Fractional ownership suits the followong types of buyer:
- Those who want to purchase an overseas property but can’t afford it
- Those who are interested in buying overseas but want to experience the resort or location before committing
to whole ownership
- Those who would like to invest in a number of different countries or resorts to reduce their financial
commitment in a single country
- Those who could afford whole ownership but do not feel it makes financial sense.
- Those who could afford a cheaper apartment but really want to own a large villa
|

The fractional ownership market emerged as an ideal investment in the USA in the early 1990’s because it allowed investors to partially own luxurious properties in wonderful destinations at a low price and with no maintenance responsibilities. For example, a three-bedroom Villa in Tuscany, a popular fractional ownership destination, may cost over €500,000 to purchase outright but an investor who is interested in guaranteeing a first class holiday experience and hopeful that the Villa will appreciate over the long-term, may only have to pay less than €80,000, plus annual fees of approximately €1,000 to cover maintenance and services costs. Today the Fractional market in the USA is worth over $2.8 billion a year and rising.

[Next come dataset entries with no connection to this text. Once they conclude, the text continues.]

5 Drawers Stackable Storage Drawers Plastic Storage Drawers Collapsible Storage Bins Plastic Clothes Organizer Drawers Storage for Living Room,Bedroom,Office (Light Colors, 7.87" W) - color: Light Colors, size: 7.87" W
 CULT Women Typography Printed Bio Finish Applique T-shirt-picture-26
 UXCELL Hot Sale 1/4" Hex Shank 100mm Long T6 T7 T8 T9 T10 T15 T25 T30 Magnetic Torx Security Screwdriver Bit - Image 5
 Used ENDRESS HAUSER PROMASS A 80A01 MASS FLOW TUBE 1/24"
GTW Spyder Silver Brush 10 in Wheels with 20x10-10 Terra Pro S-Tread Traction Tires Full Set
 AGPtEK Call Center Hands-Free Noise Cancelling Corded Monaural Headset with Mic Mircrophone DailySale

The Fractional market in Europe is also growing at a remarkable rate albeit it is some 9 years behind the USA market. The main advantage that fractional owners have over second homeowners is that fractional owners only pay for what they want to use. Recent research has shown that the typical holiday home owner uses their property for no more than four to five weeks a year. The rest of the year, it sits empty, accumulating maintenance fees, taxes and repair costs. These days in Europe, most Fractional developers ally themselves to one or other of the high end property exchange organizations thus allowing owners to holiday in a different part of the world as and when they wish to. Service levels with Fractions are very much at the 5 Star level and include chauffeur driven vehicles to meet owners at their arrival airport, pre-ordered groceries purchased and stocked in the property, a concierge service that will do everything from booking restaurant tables, theatre seats and anything else that will improve the visit experience. It is possible for the owner order ahead so that on arrival they are presented with
their chosen program of activities.
An advantage fractional ownerships have over timeshare is that owners receive a deed for their fraction of the property, allotting them a share in the property’s equity. With fractional ownership, you’re able to share in any profits the property makes due to appreciation, just as a second homeowner would. Recent research has shown that 75 percent of a timeshare investor’s money goes toward the timeshare company’s administration, marketing and sales efforts, meaning only a quarter of these funds actually go toward the property. This is much different from Fractional Ownership where the purchaser has to opportunity to benefit from the growth in property value.